Short web captions

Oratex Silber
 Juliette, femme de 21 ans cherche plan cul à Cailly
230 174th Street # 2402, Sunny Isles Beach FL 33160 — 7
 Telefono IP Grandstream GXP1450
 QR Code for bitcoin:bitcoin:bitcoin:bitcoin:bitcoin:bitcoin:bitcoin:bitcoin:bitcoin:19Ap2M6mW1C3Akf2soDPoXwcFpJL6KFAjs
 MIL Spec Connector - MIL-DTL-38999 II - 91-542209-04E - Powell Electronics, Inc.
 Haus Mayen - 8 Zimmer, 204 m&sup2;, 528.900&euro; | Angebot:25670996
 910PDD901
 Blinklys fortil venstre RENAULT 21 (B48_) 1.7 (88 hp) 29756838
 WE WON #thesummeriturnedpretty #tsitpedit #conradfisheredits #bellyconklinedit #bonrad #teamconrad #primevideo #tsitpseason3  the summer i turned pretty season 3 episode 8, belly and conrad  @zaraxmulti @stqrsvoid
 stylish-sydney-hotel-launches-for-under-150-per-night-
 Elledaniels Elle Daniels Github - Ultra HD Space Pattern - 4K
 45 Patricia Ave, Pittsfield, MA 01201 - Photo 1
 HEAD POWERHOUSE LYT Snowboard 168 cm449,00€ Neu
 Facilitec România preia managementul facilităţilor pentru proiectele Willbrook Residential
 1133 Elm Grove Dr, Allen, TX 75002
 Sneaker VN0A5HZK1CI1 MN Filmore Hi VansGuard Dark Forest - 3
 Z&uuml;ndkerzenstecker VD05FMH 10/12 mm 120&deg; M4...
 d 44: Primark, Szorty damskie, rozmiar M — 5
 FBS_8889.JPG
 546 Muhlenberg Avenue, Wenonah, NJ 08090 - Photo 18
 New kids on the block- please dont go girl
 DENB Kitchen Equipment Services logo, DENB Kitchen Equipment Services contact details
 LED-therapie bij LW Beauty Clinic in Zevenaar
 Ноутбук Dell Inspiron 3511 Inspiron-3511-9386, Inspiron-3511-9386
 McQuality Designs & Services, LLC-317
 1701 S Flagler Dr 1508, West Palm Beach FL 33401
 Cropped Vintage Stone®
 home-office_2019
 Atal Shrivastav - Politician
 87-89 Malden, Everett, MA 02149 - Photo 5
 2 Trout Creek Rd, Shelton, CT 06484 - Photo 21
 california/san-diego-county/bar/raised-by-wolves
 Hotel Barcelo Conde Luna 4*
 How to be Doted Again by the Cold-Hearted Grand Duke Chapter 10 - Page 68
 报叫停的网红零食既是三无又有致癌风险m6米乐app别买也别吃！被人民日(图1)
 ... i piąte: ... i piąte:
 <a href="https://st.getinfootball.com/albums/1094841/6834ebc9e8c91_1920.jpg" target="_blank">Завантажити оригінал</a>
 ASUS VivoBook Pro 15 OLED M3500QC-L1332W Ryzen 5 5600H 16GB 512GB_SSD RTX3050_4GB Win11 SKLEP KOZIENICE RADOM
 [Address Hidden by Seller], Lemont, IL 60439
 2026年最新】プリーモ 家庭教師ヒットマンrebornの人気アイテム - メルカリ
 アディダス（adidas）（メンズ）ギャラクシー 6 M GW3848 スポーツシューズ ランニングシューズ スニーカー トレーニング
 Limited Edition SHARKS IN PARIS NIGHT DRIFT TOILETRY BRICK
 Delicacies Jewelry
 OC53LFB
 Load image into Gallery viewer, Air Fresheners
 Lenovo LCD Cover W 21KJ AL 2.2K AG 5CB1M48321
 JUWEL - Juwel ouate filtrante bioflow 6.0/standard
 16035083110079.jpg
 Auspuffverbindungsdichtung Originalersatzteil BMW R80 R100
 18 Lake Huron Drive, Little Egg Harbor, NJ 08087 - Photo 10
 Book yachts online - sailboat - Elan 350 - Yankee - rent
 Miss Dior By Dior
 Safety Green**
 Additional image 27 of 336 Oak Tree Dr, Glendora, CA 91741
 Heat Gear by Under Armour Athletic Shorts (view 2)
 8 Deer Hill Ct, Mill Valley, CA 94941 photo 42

# Your objective
The answer should reproduce each entry above in full.

# Exercise result
Oratex Silber
 Juliette, femme de 21 ans cherche plan cul à Cailly
230 174th Street # 2402, Sunny Isles Beach FL 33160 — 7
 Telefono IP Grandstream GXP1450
 QR Code for bitcoin:bitcoin:bitcoin:bitcoin:bitcoin:bitcoin:bitcoin:bitcoin:bitcoin:19Ap2M6mW1C3Akf2soDPoXwcFpJL6KFAjs
 MIL Spec Connector - MIL-DTL-38999 II - 91-542209-04E - Powell Electronics, Inc.
 Haus Mayen - 8 Zimmer, 204 m&sup2;, 528.900&euro; | Angebot:25670996
 910PDD901
 Blinklys fortil venstre RENAULT 21 (B48_) 1.7 (88 hp) 29756838
 WE WON #thesummeriturnedpretty #tsitpedit #conradfisheredits #bellyconklinedit #bonrad #teamconrad #primevideo #tsitpseason3  the summer i turned pretty season 3 episode 8, belly and conrad  @zaraxmulti @stqrsvoid
 stylish-sydney-hotel-launches-for-under-150-per-night-
 Elledaniels Elle Daniels Github - Ultra HD Space Pattern - 4K
 45 Patricia Ave, Pittsfield, MA 01201 - Photo 1
 HEAD POWERHOUSE LYT Snowboard 168 cm449,00€ Neu
 Facilitec România preia managementul facilităţilor pentru proiectele Willbrook Residential
 1133 Elm Grove Dr, Allen, TX 75002
 Sneaker VN0A5HZK1CI1 MN Filmore Hi VansGuard Dark Forest - 3
 Z&uuml;ndkerzenstecker VD05FMH 10/12 mm 120&deg; M4...
 d 44: Primark, Szorty damskie, rozmiar M — 5
 FBS_8889.JPG
 546 Muhlenberg Avenue, Wenonah, NJ 08090 - Photo 18
 New kids on the block- please dont go girl
 DENB Kitchen Equipment Services logo, DENB Kitchen Equipment Services contact details
 LED-therapie bij LW Beauty Clinic in Zevenaar
 Ноутбук Dell Inspiron 3511 Inspiron-3511-9386, Inspiron-3511-9386
 McQuality Designs & Services, LLC-317
 1701 S Flagler Dr 1508, West Palm Beach FL 33401
 Cropped Vintage Stone®
 home-office_2019
 Atal Shrivastav - Politician
 87-89 Malden, Everett, MA 02149 - Photo 5
 2 Trout Creek Rd, Shelton, CT 06484 - Photo 21
 california/san-diego-county/bar/raised-by-wolves
 Hotel Barcelo Conde Luna 4*
 How to be Doted Again by the Cold-Hearted Grand Duke Chapter 10 - Page 68
 报叫停的网红零食既是三无又有致癌风险m6米乐app别买也别吃！被人民日(图1)
 ... i piąte: ... i piąte:
 <a href="https://st.getinfootball.com/albums/1094841/6834ebc9e8c91_1920.jpg" target="_blank">Завантажити оригінал</a>
 ASUS VivoBook Pro 15 OLED M3500QC-L1332W Ryzen 5 5600H 16GB 512GB_SSD RTX3050_4GB Win11 SKLEP KOZIENICE RADOM
 [Address Hidden by Seller], Lemont, IL 60439
 2026年最新】プリーモ 家庭教師ヒットマンrebornの人気アイテム - メルカリ
 アディダス（adidas）（メンズ）ギャラクシー 6 M GW3848 スポーツシューズ ランニングシューズ スニーカー トレーニング
 Limited Edition SHARKS IN PARIS NIGHT DRIFT TOILETRY BRICK
 Delicacies Jewelry
 OC53LFB
 Load image into Gallery viewer, Air Fresheners
 Lenovo LCD Cover W 21KJ AL 2.2K AG 5CB1M48321
 JUWEL - Juwel ouate filtrante bioflow 6.0/standard
 16035083110079.jpg
 Auspuffverbindungsdichtung Originalersatzteil BMW R80 R100
 18 Lake Huron Drive, Little Egg Harbor, NJ 08087 - Photo 10
 Book yachts online - sailboat - Elan 350 - Yankee - rent
 Miss Dior By Dior
 Safety Green**
 Additional image 27 of 336 Oak Tree Dr, Glendora, CA 91741
 Heat Gear by Under Armour Athletic Shorts (view 2)
 8 Deer Hill Ct, Mill Valley, CA 94941 photo 42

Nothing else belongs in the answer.